BAIT.ID – Sisa Lebih Pembiayaan Anggaran (SILPA) Pemprov Kaltim tahun anggaran 2024 tercatat mencapai angka fantastis: Rp 2,5 triliun. Dana ini rencananya akan dimasukkan ke dalam APBD Perubahan 2025. Namun menurut Kelompok Kerja 30 (Pokja30), langkah ini justru berpotensi menambah beban baru bagi anggaran tahun berikutnya.
Koordinator Pokja30, Buyung Marajo, menjelaskan bahwa besarnya SILPA menunjukkan kegagalan dalam proyeksi perencanaan anggaran, terutama karena kelebihan salur dari pemerintah pusat. Ketidaksinkronan antara pemerintah daerah dan pusat membuat dana besar tersebut tidak terserap secara maksimal.
“Tambahan Rp 2,5 triliun di APBD Perubahan dengan waktu yang sempit hanya akan memaksa pemerintah mengulang proses perencanaan secara tergesa. Risikonya, dana kembali tidak terserap secara optimal,” ungkap Buyung.

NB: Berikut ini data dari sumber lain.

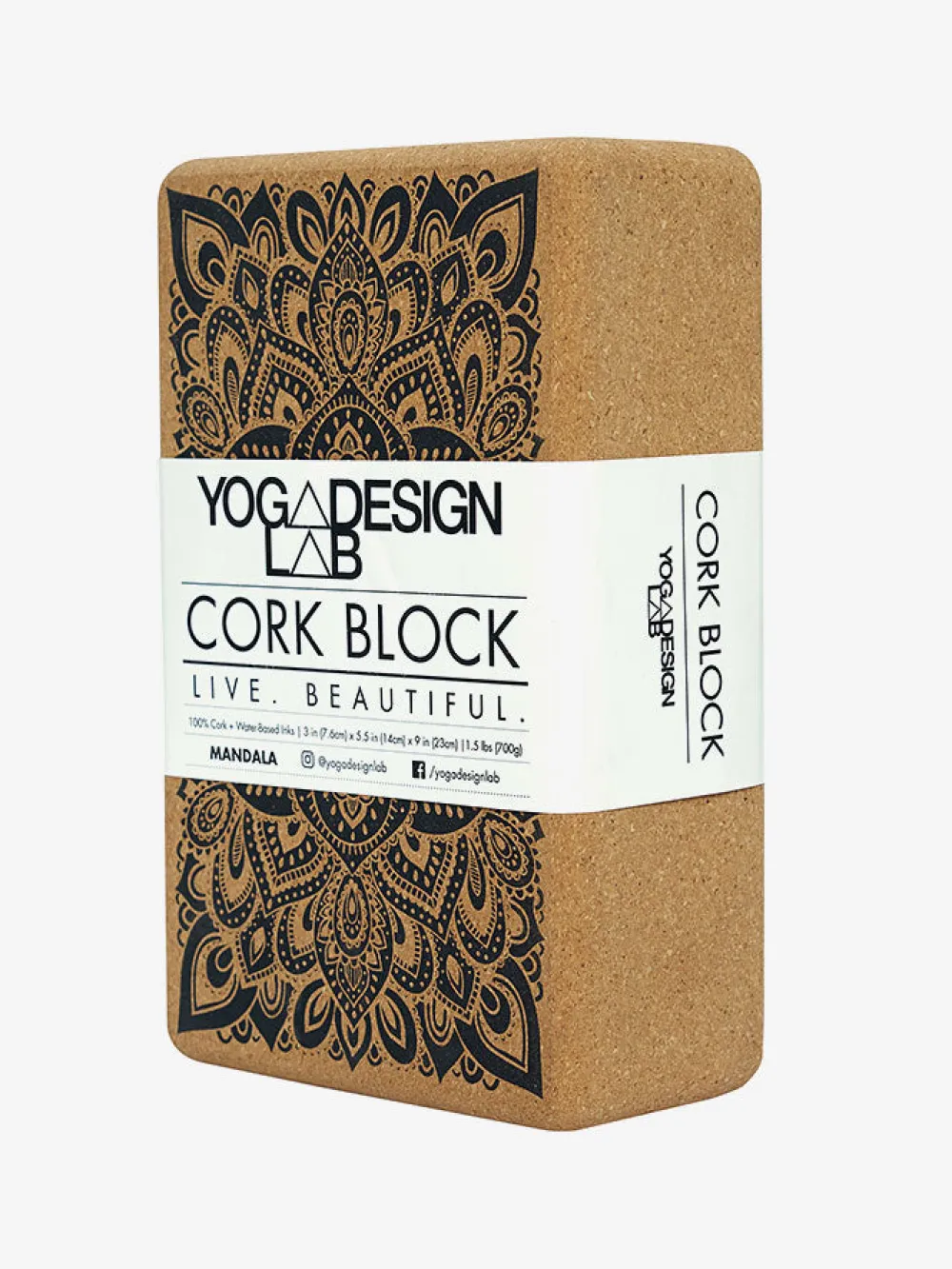Outlet YDLAB01 Yoga Design Lab Cork Brick - Mandala Black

Pokja30 pun mewanti-wanti bahwa situasi ini kerap berujung pada pengeluaran anggaran yang tidak berdampak signifikan bagi publik. Kegiatan seperti studi banding, rapat di luar daerah, bimbingan teknis, dan acara di hotel berpotensi dimunculkan hanya untuk menyerap anggaran. “Itu bentuk kerja yang koruptif,” tegas Buyung.
Ia menambahkan, pola penghabisan anggaran seperti itu seharusnya menjadi perhatian lembaga-lembaga pengawasan keuangan seperti BPKP maupun Inspektorat Daerah. Pokja30 mendesak agar pengawasan difokuskan pada efektivitas belanja, terutama apakah benar-benar berdampak pada kepentingan masyarakat.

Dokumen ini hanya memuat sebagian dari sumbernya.